Le principe de précaution généralisé, poussé à l’extrême et flirtant avec le risque zéro peut donc entrainer de nombreux dommages collatéraux, comme le contrôle excessif, des blocages, des retraits, des disqualifications, une standardisation, une infantilisation et bien sûr du stress et du mal-être, voire des décompensations violentes dans certains cas et finalement une perte de contrôle. Il aboutit souvent alors à l’inverse de ce qui est recherché, ajoutant le risque que l’on souhaite éviter aux dommages collatéraux. Il n’existe en effet pas de risque zéro pour les espèces vivantes dont nous faisons partie. Le rechercher constamment est une utopie qui pourrait friser la dystopie.  
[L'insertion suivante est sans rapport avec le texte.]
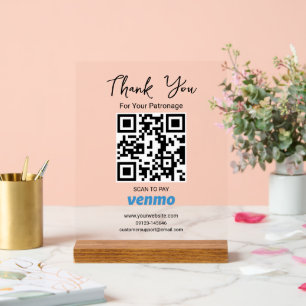 Scan to Pay QR Code   Venmo Payment Acrylic Sign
En revanche, tout système vivant est pourvu de fortes capacités de régulation qui, libérées du contrôle, peuvent apporter de belles garanties de se rapprocher des buts dans des conditions très acceptables. Hors l’humain, le vivant nous en donne la preuve tous les jours tant les capacités de résilience de la nature sont puissantes. Mais la nature ne prévoit pas, n’anticipe pas. Elle vit, s’auto-régule, apprend, s’adapte et évolue. Le risque zéro ne fait pas parti de ses génomes. En effet, elle ne génère pas les risques qui font basculer les humains vers la tentation du risque zéro. C’est bien parce que nous apportons en permanence du risque que nous devons créer le principe de précaution et le pousser à l’excès. Est-il encore temps d’apprendre les leçons de la nature ou des peuples premiers pour nous sortir de la situation que nous connaissons aujourd’hui ? Finalement, le risque zéro et les dommages qu’il entraîne ne sont qu’un symptôme parmi d’autres de la société humaine que nous avons construite. Saurons-nous intégrer dans le futur les savoirs ancestraux que, comme la nature dont plus faisons partie, nous portons dans nos gènes ? Ceci renvoie au précédent article que j’ai proposé « un regard systémique sur la planète » et qui interroge le monde que nous souhaitons laisser à nos enfants. S’il se construit sur le risque zéro, il pourrait être voué à l’échec.